Agriland understands that the board of Kerry Co-op is to review legal advice it received relating to its share redemption scheme.

Following the advice, the board decided against putting a resolution to shareholders at a special general meeting (SGM) in Killarney today (June 21).

This involved placing the existing share redemption scheme into the co-op rulebook and preventing the board from spending more than €50 million without the consent of shareholders.

The meeting was held after the co-op’s Annual General Meeting (AGM) concluded at the Gleneagle INEC arena.

Kerry Co-op

Two resolutions which were put to shareholders today were defeated as they did not achieve the required two-thirds majority needed.

Although both resolutions were seen more as ‘housekeeping’ measures, their rejection will give the co-op board much to think about when it reviews the outcome of the meeting.

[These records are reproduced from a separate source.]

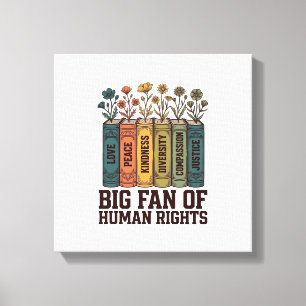 Human Rights Book Flowers Vintage Vector Design_1 Canvas Print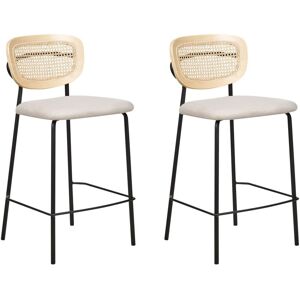 Beliani - Set of 2 Modern Bar Chairs Viennese Braid Rattan Backrest Stools Polyester Seat Armless Black Legs Light Beige Mayetta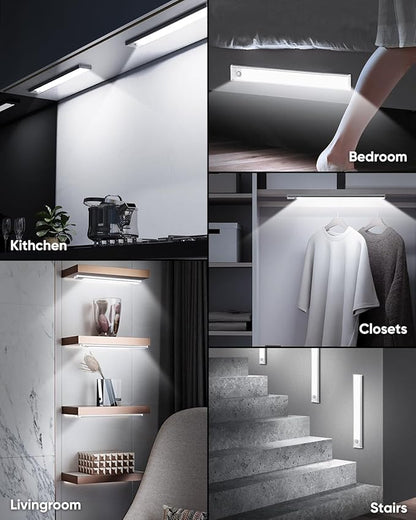 Under Cabinet Lights, 14'' LED Rechargeable Battery Operated Motion Activated Night Light Indoor, 3200mAh Magnetic Dimmable Closet Lights, 6500K Wireless Under Counter Light for Kitchen, Stair, 3 Pack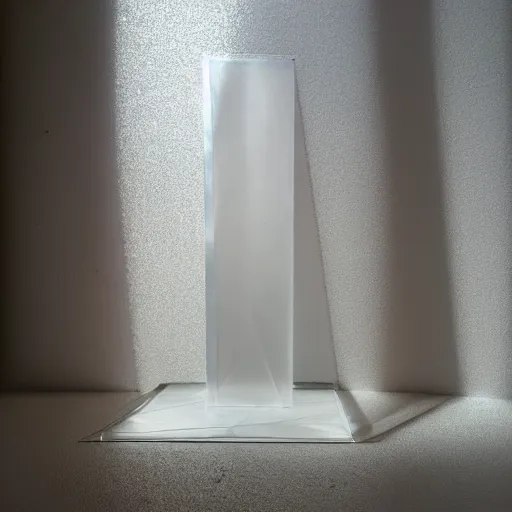 Image similar to an ultra high definition professional studio quality photograph of a transparent iridescent perspex pastel coloured sculpture in an empty white room. dramatic lighting, ray tracing, refraction, shallow d. o. f, colour corrected, golden ratio, three point light. volumetric shadows. god rays.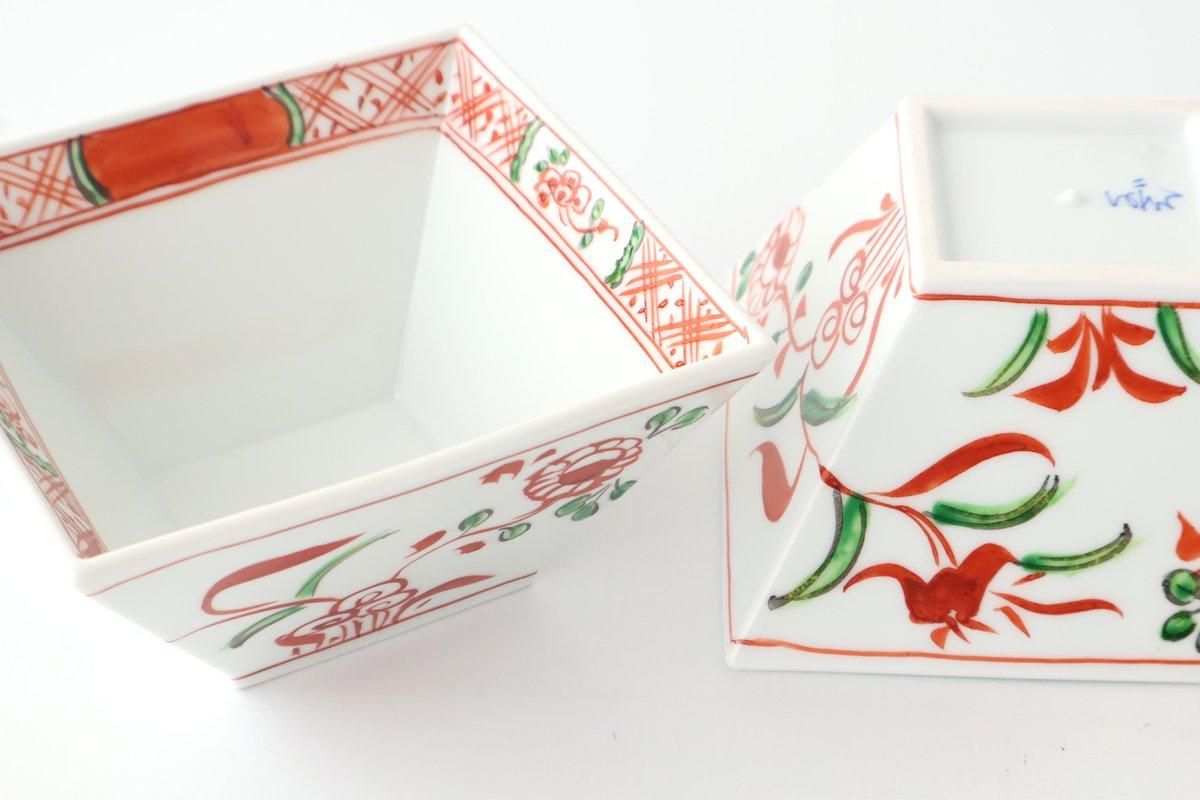 Small Square Bowl Red Flower | Kobachi Bowl Arita Ware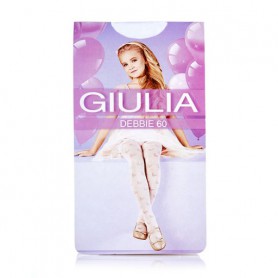 Детские фантазийные колготки из полиамида Giulia Debbie 3D 60 DEN, рисунок в бабочку, bianco, размер 116-122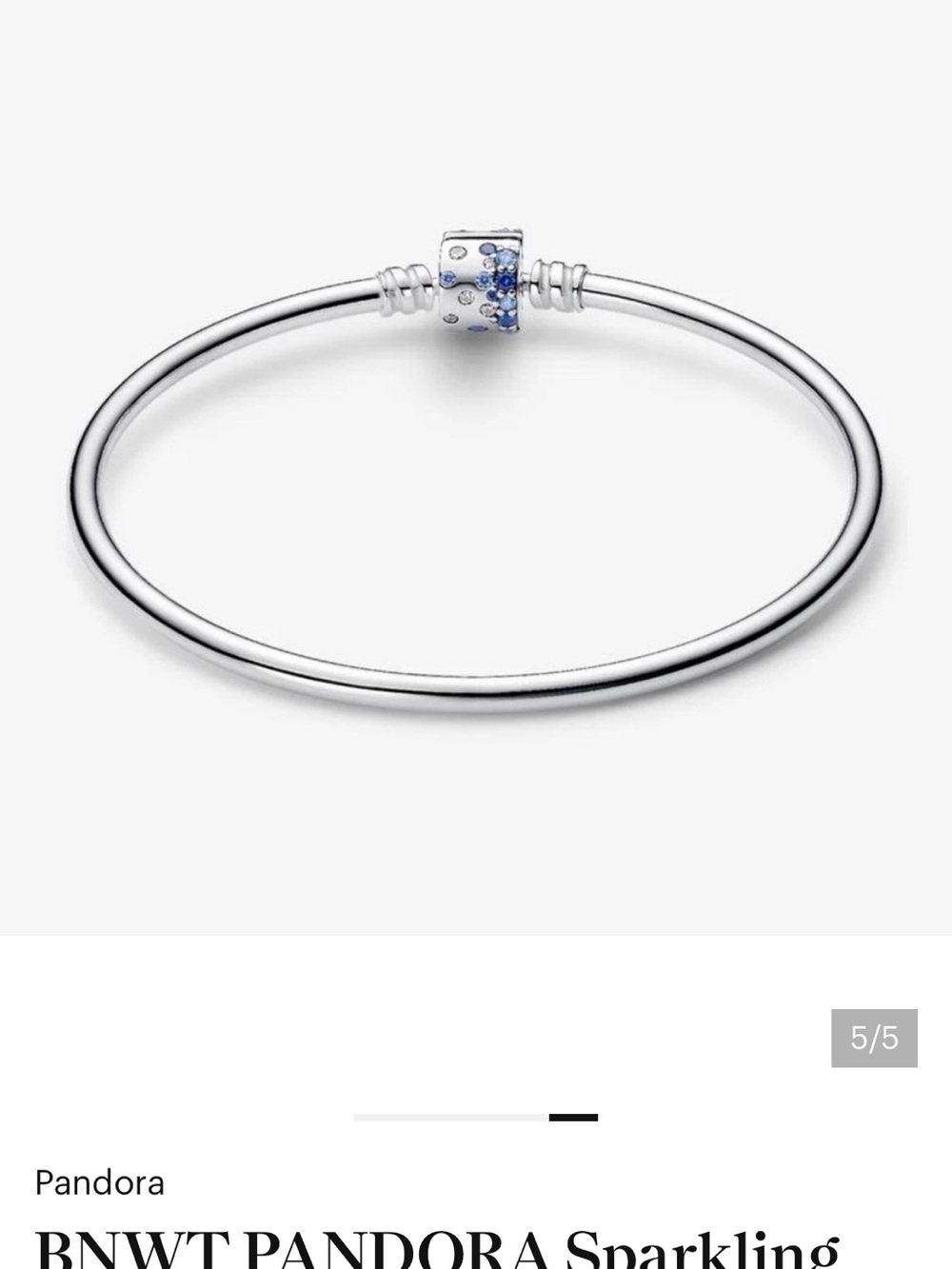 Pandora Sparkling blue barrel clasp bangle with “Caesar’s” charm. - Picture 2 of 3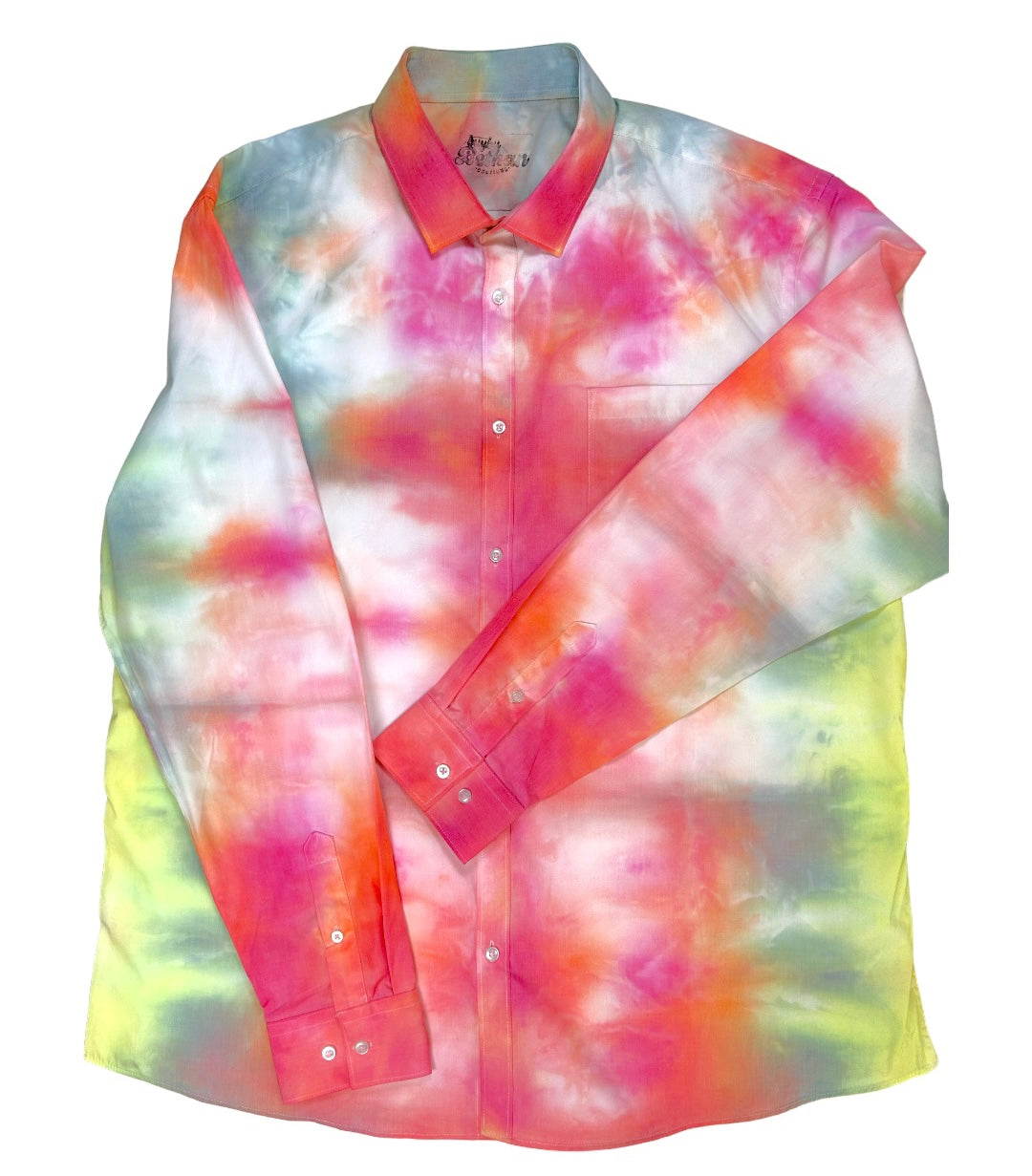 Tie Dye Shirt - Green, Orange & Pink Stripe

The first resolution related to the rotation of the Kerry Co-op board across its five-year electoral cycle and proposes to address an “anomaly” which arose following a review of representation on the board in 2019.

The second resolution focused on the minimum notice period required for the holding of special board meetings and “related communication matters”.

Shareholders

Earlier today, it had been claimed that there would be a “major revolt by a sizeable number of shareholders” at today’s meeting.

A statement was issued by Ciaran Dolan Agribusiness Consultants on behalf of a group of shareholders who are concerned at how Kerry Co-op will fund any potential dairy business joint venture with Kerry Group.

It said that that the co-op currently holds 12% of the shares in Kerry Group, which is worth approximately €2 billion.

“Up until recently, the [co-op] board and the shareholders were in full agreement that the funds of the co-op should be ring-fenced in order to fund the share redemption scheme for any co-op shareholder wishing to cash in his or her shares,” the statement outlined.

“In what is seen as a complete u-turn, the board is now saying that on legal grounds it cannot proceed with this ring-fencing of the funds and the board are seeking to retain full control over the future use of the co-op funds,” it continued.

“The concern of the shareholders is that the funds of the co-op will be substantially reduced to pay for the joint venture and that dry shareholders with no interest in milk processing will see their value in the co-op reduced significantly,” the statement read.

The group of shareholders outlined that they have obtained the opinion of a senior counsel who said the board is not prohibited from ring-fencing the funds for the redemption scheme.

However, it is understood that several options could be considered by the Kerry Co-op board on how to fund any potential joint venture.

In April 2021, talks between Kerry Co-op and Kerry Group on the joint venture were suspended after over 18 months of discussions.

It is believed the valuation Kerry Co-op placed on the dairy business was among the sticking points.